JOHNNY [the romantic]

Can you play “Drink to Me Only with Thine Eyes”?  I sure would like to hear you play that song on the bugle.  That song is my favorite.  I guess I like that song better than any song in the world.

 

MACGREGOR [the disillusioned]

Son, when you get to be my age you’ll know songs aren’t important, bread’s the thing.

 

JOHNNY [the faithful]

Anyway, I sure would like to hear you play that song.

 

[MACGREGOR goes up on the porch and shakes hands with JOHNNY’S FATHER.]

 

MACGREGOR [history in the making]

My name is Jasper MacGregor.  I’m an actor.

 

JOHNNY’S FATHER [delighted]

I’m mighty glad to make your acquaintance.  [The imperial giver of orders]  Johnny, get Mr. MacGregor a pitcher of water.

 

[JOHNNY runs around the house.]

 

MACGREGOR [dying of thirst, sighing, but telling the truth nevertheless]

Charming boy.

 

JOHNNY’S FATHER [ordinary statement]

Like myself, he’s a genius.

 

MACGREGOR [roaring, from fatigue]

I suppose you’re very fond of him?

 

JOHNNY’S FATHER [delighted to be alive]

We are the same person – He is the heart of my youth – Have you noticed his eagerness?

 

MACGREGOR [delighted to still be alive]

I should say I have.

 

JOHNNY’S FATHER [proudly and with anger]

I’m the same way myself, although older and less brilliant. 

 

[JOHNNY, running, returns with a pitcher of water which he hand to the old man.  The old man throws back his shoulders, lifts his head, his nostrils expand, he snorts, his eyes widen, he lifts the pitcher of water to his lips and drinks all the water in one long swig, while JOHNNY and his FATHER watch with amazement and admiration.  The old man breathes deeply, looks around at the landscape and up at the sky and to the end of San Benito Avenue where the evening sun is going down.]

 

MACGREGOR [reflection, sadly; weariness, softly]

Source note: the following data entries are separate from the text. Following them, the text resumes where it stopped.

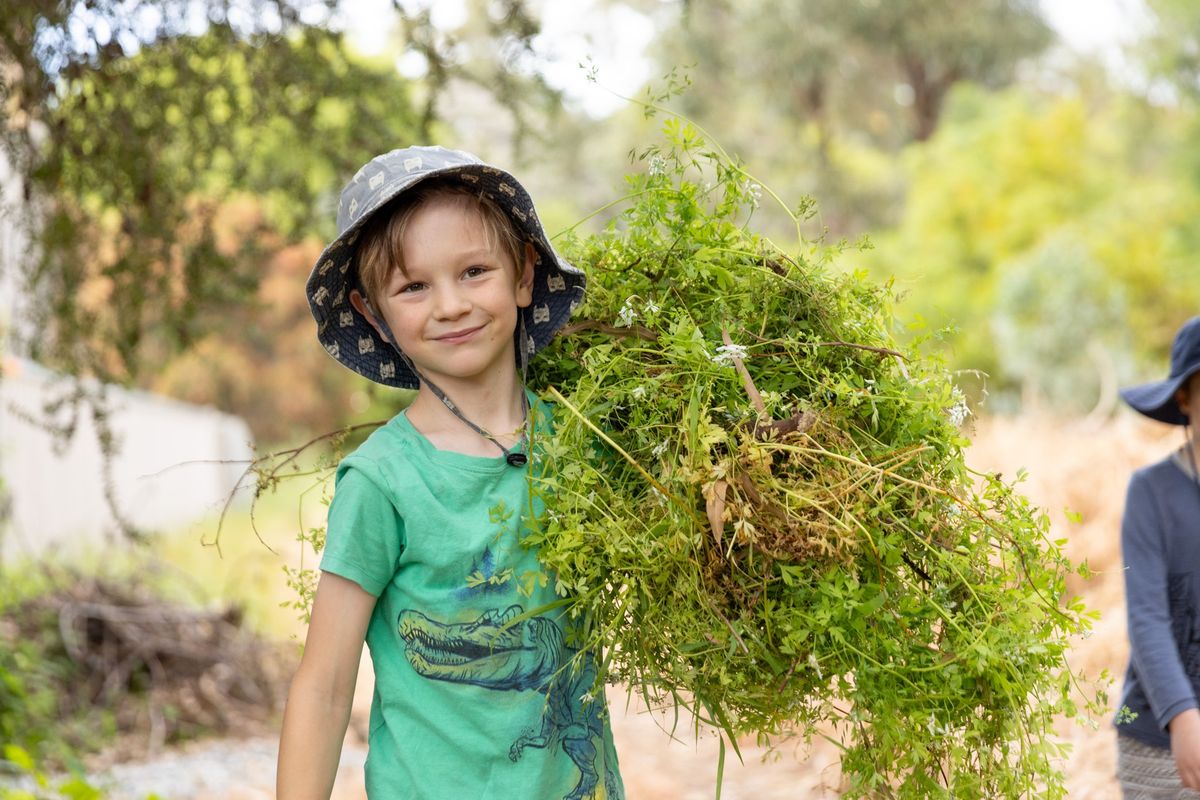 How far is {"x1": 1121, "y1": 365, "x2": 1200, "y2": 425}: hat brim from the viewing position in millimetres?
3279

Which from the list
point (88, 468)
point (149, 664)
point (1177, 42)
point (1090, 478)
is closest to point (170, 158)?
point (149, 664)

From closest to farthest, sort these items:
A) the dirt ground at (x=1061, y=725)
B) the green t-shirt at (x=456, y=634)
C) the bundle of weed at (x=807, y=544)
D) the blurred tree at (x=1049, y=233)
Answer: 1. the bundle of weed at (x=807, y=544)
2. the green t-shirt at (x=456, y=634)
3. the dirt ground at (x=1061, y=725)
4. the blurred tree at (x=1049, y=233)

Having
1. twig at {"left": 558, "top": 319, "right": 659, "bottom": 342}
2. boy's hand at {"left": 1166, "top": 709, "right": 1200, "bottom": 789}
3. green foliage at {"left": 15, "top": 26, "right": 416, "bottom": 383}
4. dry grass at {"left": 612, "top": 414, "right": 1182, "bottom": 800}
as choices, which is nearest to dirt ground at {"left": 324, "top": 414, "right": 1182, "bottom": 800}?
dry grass at {"left": 612, "top": 414, "right": 1182, "bottom": 800}

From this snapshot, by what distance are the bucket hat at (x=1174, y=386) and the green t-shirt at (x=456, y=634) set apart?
199 centimetres

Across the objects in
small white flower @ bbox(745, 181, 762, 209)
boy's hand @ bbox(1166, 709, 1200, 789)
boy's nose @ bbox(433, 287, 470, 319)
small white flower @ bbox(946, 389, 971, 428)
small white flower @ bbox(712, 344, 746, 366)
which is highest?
small white flower @ bbox(745, 181, 762, 209)

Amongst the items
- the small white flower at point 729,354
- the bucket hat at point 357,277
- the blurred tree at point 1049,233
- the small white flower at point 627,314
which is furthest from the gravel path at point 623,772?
the blurred tree at point 1049,233

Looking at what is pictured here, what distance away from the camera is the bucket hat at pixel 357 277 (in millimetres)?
2225

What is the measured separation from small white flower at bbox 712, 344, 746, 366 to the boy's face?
0.44m

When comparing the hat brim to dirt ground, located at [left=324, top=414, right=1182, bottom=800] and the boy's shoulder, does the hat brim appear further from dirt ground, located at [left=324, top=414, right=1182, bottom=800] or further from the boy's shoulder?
the boy's shoulder

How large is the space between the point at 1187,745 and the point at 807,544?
160cm

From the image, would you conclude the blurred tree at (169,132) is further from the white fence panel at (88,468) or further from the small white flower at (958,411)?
the small white flower at (958,411)

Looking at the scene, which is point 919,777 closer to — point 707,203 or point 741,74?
point 707,203

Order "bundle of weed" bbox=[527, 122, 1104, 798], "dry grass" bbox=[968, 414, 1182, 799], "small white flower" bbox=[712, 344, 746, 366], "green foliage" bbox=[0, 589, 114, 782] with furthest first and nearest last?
1. "dry grass" bbox=[968, 414, 1182, 799]
2. "green foliage" bbox=[0, 589, 114, 782]
3. "small white flower" bbox=[712, 344, 746, 366]
4. "bundle of weed" bbox=[527, 122, 1104, 798]

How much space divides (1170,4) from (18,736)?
24.9 meters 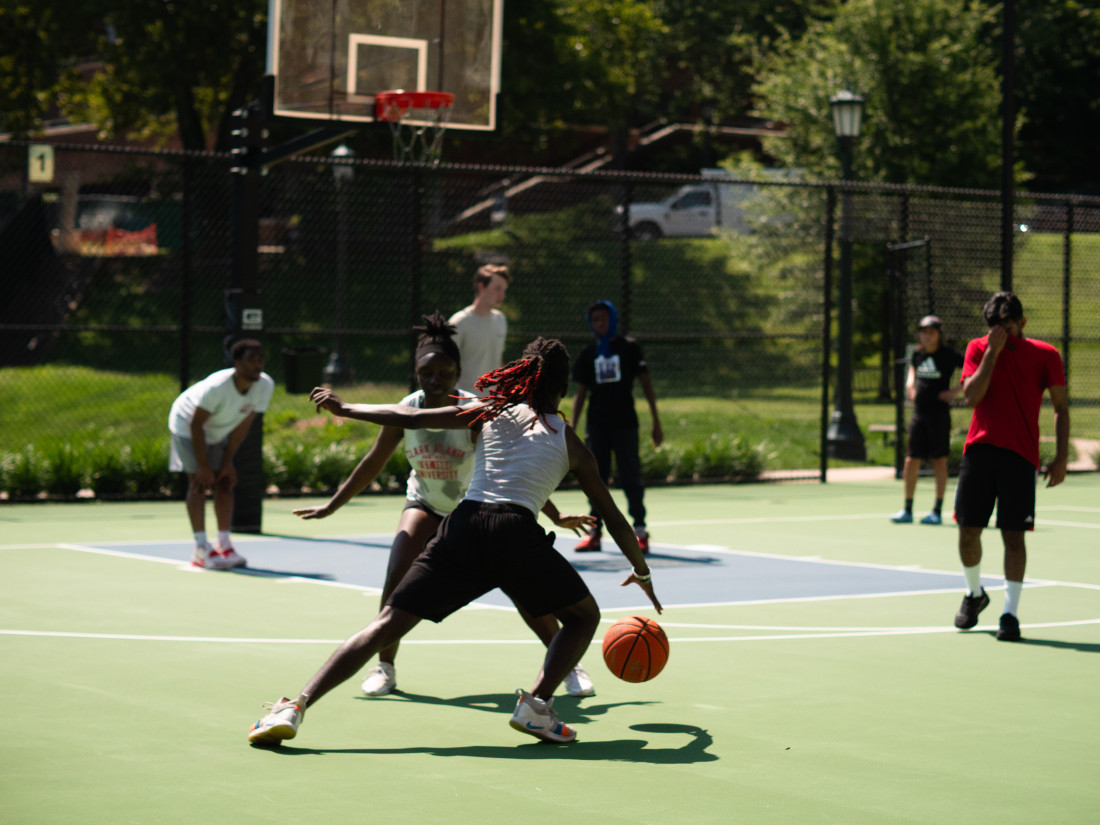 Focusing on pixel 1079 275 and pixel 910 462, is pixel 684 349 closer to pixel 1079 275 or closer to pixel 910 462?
pixel 1079 275

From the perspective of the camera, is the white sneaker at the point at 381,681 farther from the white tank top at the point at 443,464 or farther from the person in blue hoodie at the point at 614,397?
the person in blue hoodie at the point at 614,397

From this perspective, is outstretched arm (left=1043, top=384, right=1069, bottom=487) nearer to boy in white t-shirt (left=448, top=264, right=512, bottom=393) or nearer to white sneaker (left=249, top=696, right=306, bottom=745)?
boy in white t-shirt (left=448, top=264, right=512, bottom=393)

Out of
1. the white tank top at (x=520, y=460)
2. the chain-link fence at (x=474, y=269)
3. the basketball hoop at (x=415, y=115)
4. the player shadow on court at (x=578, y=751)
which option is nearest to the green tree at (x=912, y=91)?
the chain-link fence at (x=474, y=269)

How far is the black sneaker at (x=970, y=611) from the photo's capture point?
9.02 m

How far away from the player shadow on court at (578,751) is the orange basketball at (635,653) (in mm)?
330

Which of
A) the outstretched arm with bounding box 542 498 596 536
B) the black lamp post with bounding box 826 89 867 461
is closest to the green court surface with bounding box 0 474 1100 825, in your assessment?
the outstretched arm with bounding box 542 498 596 536

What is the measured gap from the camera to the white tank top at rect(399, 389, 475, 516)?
7418 millimetres

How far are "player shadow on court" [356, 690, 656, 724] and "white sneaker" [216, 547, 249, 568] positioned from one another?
445 cm

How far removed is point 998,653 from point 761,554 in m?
4.35

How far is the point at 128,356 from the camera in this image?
26531 millimetres

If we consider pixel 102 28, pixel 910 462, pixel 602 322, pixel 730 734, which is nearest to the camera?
pixel 730 734

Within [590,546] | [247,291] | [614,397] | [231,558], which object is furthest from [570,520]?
[247,291]

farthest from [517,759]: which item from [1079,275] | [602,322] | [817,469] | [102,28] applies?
[1079,275]

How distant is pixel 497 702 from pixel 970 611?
3.46m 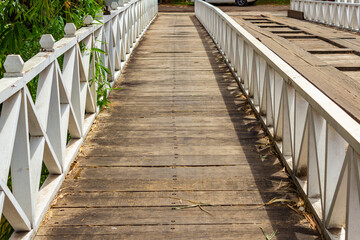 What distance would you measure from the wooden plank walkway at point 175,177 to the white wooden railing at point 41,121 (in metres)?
0.13

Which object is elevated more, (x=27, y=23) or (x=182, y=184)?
(x=27, y=23)

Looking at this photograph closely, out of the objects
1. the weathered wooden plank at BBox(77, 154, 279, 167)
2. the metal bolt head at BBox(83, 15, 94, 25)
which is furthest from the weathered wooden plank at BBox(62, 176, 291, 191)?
the metal bolt head at BBox(83, 15, 94, 25)

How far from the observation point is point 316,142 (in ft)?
10.9

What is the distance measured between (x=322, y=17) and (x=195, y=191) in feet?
50.7

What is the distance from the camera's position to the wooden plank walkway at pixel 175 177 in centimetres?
335

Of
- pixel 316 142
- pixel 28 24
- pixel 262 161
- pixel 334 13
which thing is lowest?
pixel 262 161

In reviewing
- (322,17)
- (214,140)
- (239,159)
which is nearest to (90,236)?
(239,159)

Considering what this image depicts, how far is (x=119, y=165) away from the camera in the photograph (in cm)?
443

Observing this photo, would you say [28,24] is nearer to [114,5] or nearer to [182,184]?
[114,5]

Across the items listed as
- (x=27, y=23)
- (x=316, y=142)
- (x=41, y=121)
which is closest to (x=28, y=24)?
(x=27, y=23)

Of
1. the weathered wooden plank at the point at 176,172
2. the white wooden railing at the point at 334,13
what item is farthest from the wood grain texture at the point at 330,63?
the white wooden railing at the point at 334,13

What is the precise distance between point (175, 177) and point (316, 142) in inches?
48.2

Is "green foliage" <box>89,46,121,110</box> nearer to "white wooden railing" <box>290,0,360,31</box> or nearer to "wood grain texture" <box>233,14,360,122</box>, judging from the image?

I reckon I’m five thousand miles from home.  Do you think we could eat a little bread and cheese to keep my body and spirit together?

 

JOHNNY’S FATHER [Napoleon]

Johnny, run down to the grocer’s and get a loaf of French bread and a pound of cheese.

 

JOHNNY [the voice of doom]

Give me the money.

 

JOHNNY’S FATHER [statistics, poetic, with pride]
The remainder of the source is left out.